### Exercise
Each line below from the one containing "This themed store" through the one containing "visitation time, frequency" should be output exactly as it stands, and no other line should appear.

(Saved entries)

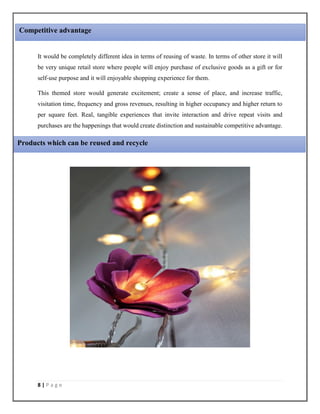8 | P a g e
It would be completely different idea in terms of reusing of waste. In terms of other store it will
be very unique retail store where people will enjoy purchase of exclusive goods as a gift or for
self-use purpose and it will enjoyable shopping experience for them.
This themed store would generate excitement; create a sense of place, and increase traffic,
visitation time, frequency and gross revenues, resulting in higher occupancy and higher return to
per square feet. Real, tangible experiences that invite interaction and drive repeat visits and
purchases are the happenings that would create distinction and sustainable competitive advantage.
Competitive advantage
Products which can be reused and recycle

### Result
This themed store would generate excitement; create a sense of place, and increase traffic,
visitation time, frequency and gross revenues, resulting in higher occupancy and higher return to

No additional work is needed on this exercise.